Answers rot. Store questions instead.
Standing Questions: a memory pattern for long-horizon AI-agent projects, distilled from ten weeks and a few hundred sessions of getting agent memory wrong. Code, schemas, and metrics: github.com/Rocco-alt/standing-questions. Canonical home of this post: standingquestions.com.
A note on epistemics before anything else: everything below comes from the two of us running one production project. Where we state a fact we tag it [observed] (we saw it in our own logs and artifacts), [inferred] (our interpretation of what we saw), or [literature] (someone else’s published result).

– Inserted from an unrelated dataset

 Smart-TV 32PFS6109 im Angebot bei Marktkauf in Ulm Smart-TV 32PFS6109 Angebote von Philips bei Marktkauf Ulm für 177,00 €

There is no control group. Nothing here is a benchmark. It’s a field report with the receipts we can show.
The incident
For ten weeks we ran a production ML project almost entirely through a coding agent — Claude Code, working the same repository session after session; roughly 300 working sessions by the end, counting the continuation lanes long sessions split into [observed].
A few weeks in, a milestone got marked done. The marker was written into the handoff notes, and every subsequent session faithfully carried it forward, because that’s what good session hygiene looks like: read the notes, trust the notes, build on the notes.

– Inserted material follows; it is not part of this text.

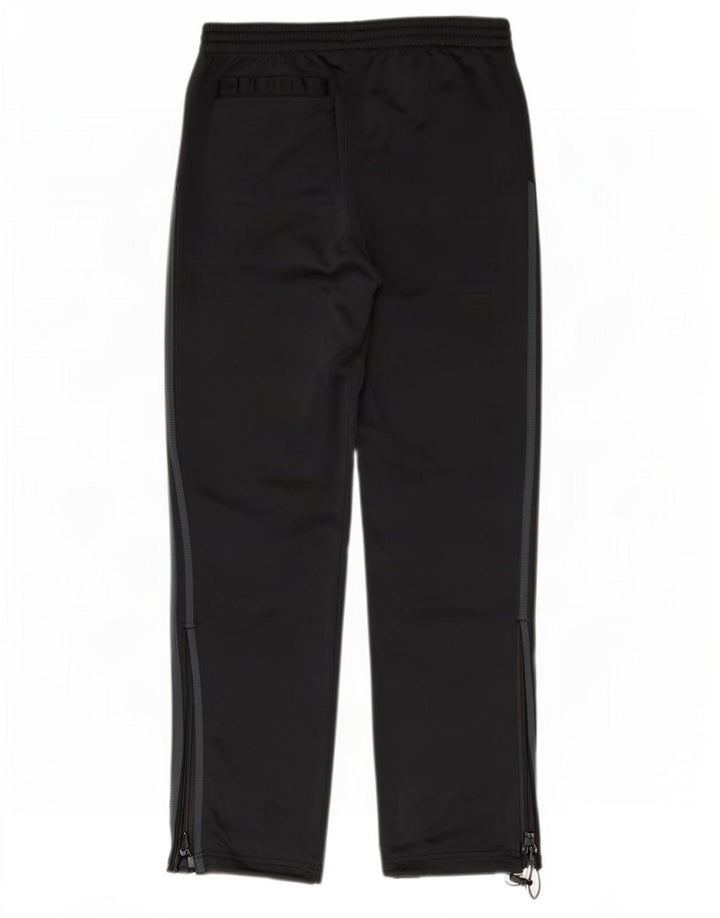 Adidas Pantalon de survêtement pour homme UK 36/38 Small Bleu marine Polyester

Five sessions later, an audit found the milestone was 2-of-4 on its own written completion criteria [observed].
No session had lied. The work had genuinely narrowed across sessions — recommendation became plan, plan became “shipped the core part” — and each session honestly believed it was finishing what the previous session meant. The stored answer (“done”) outlived the reality it described. And the thing that finally caught it wasn’t the memory system, the notes, or the agent. It was one of us, getting suspicious and asking [observed].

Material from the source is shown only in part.